The friendly Gray ComputerStar Gauge Model #54 (1965) di Edward Kienholz, anticipava la nuova era del computer, umanizzando l’opera aggiungendo elementi che si richiamassero al concetto di umano, come anche gambe di bambole perché, come avvisa il creatore dell’opera, «I computer a volte si stancano e hanno dei crolli nervosi… Ricorda che se tratti bene il tuo computer, anche lui lo farà».

Nell’aprile del 2022, Sotheby’s aveva presentato quello che era stata chiamata Native Digital 1.3 e, già pochi mesi dopo, era stata creata anche un’asta online – intitolata Ex-Machina: A History of Generative Art – con una mostra informativa che ha viaggiato da Parigi a Londra.

Nell’asta c’era un’opera del 1974 dell’artista di origini ungheresi Vera Molnár, che consisteva in nove disegni su una striscia di carta per plotter lunga cinque metri. Nel periodo in cui Hammersley lavorava con il computer della sua università, Molnár, tramite l’accesso a un Ibm della Sorbona, aveva tentato di «sistematizzare» (lo farà per anni), i suoi metodi creativi, sognando di poter avere una macchina in grado di generare disegni secondo istruzioni predeterminate.

Nell’ultima mostra, organizzata per il 2023, è stata classificata con un perentorio «Must see», e il Lacma si è semplicemente guardato alle spalle per «intercettare» e capire quel momento di grande entusiasmo nell’epoca degli inizi del computer.

La tecnologia era stata infine riconosciuta come un mezzo importante, se non fondamentale, per capire le ambizioni dell’arte dalla seconda metà del ventesimo secolo.
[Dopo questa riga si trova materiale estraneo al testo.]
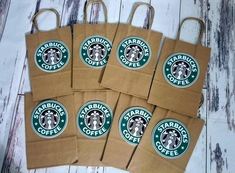 six brown paper bags with starbucks logos on them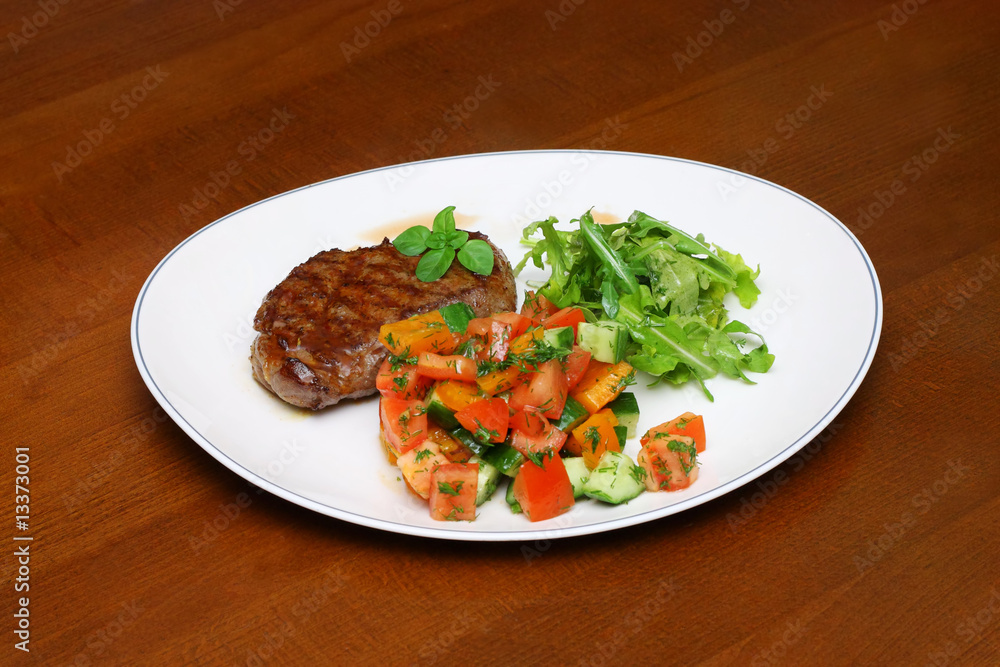 Plate with the cutlet and vegetables, salad and spices Plate with the cutlet and vegetables, salad and spices
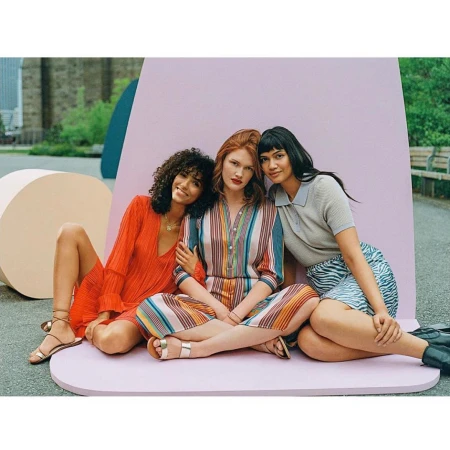 Three diverse women model colorful dresses and skirts while sitting together against a pastel backdrop in an outdoor setting.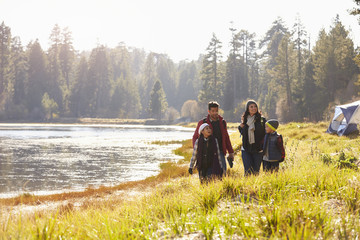 Family on camping trip walk near lake, looking at each other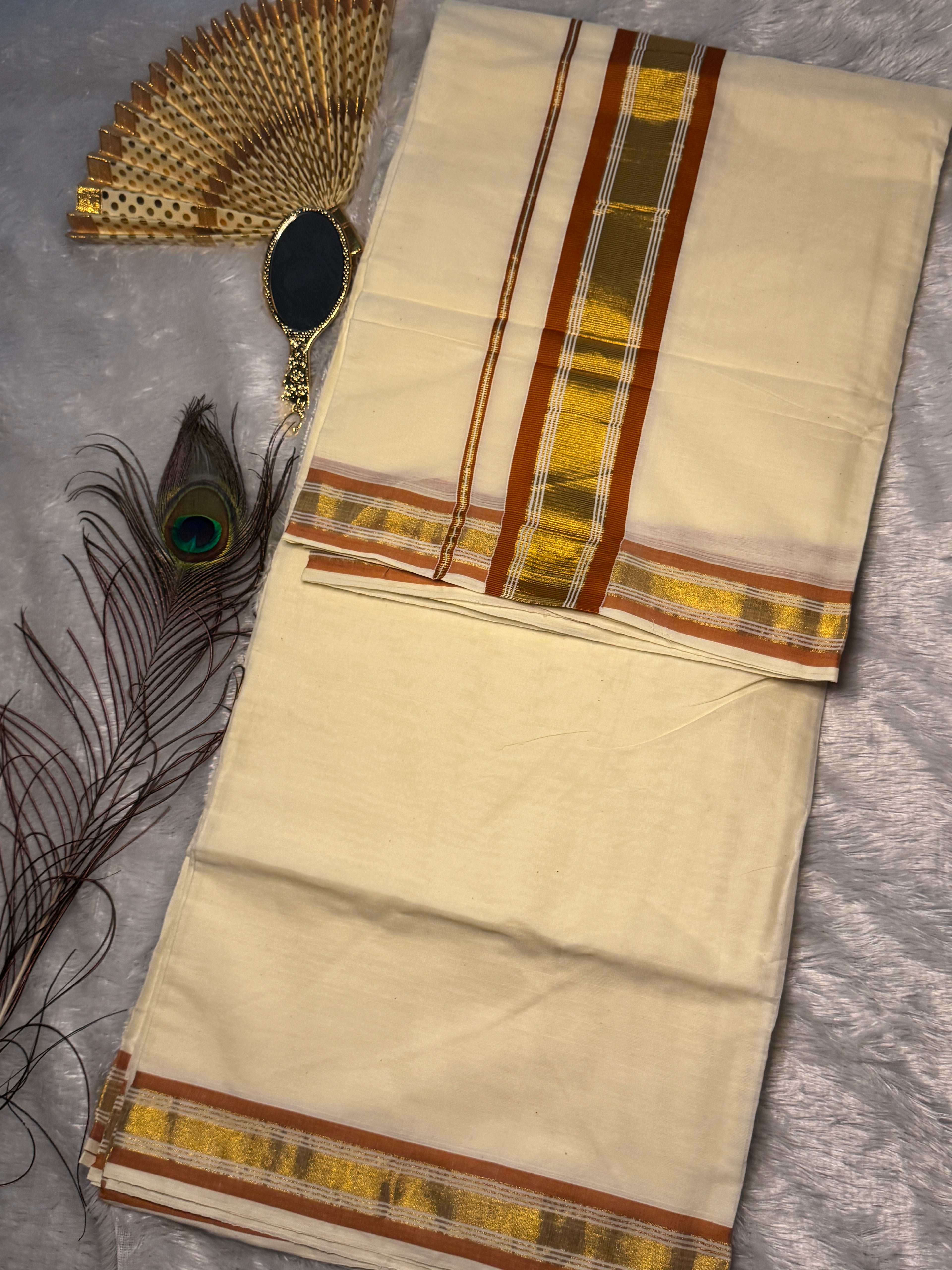 Premium Cotton Kerala Kasavu Saree with Warm Copper/ Midnight Blue & Gold Border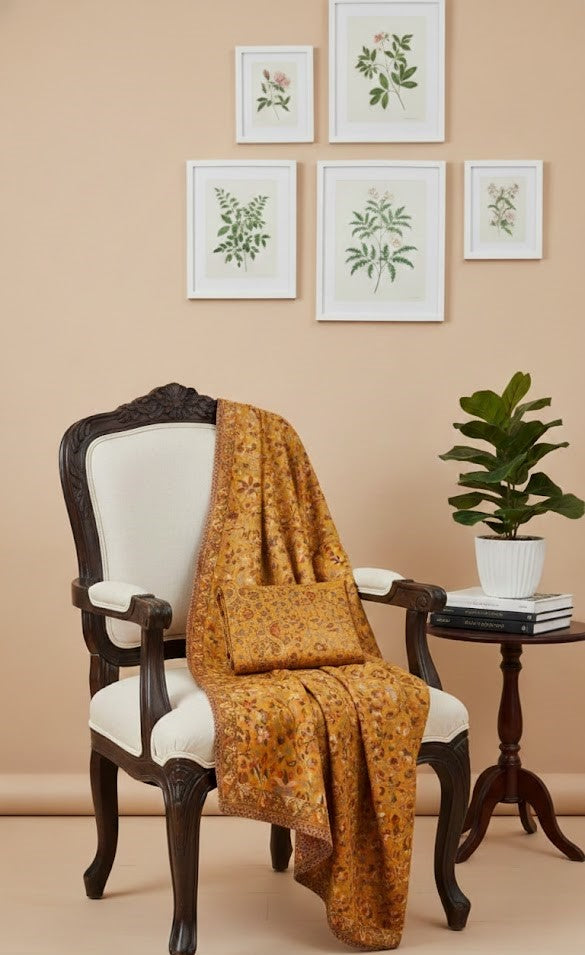 Yellow patterned kalamakari kani double beam stole in pure wool draped over a white chair with framed botanical prints on the wall.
I tanti artisti presenti in questa mostra californiana, esplorano, ognuno secondo linee programmatiche sempre inedite, il mondo artistico digitale.

L’artista Vera Molnár per esempio, con la sua Á la recherche de Paul Klee (1970), disegno a plotter spirato da un dipinto del 1927 dell’artista svizzero-tedesco, programma un metodo a computer per inserire linee parallele in una griglia quadrata con diversi orientamenti e spessori (orizzontale, verticale, diagonale), che le permettono di portare così alla luce e realizzare immagini digitali. Le molte creazioni sono raccontate in un catalogo di DelMonaco Books/Lacma.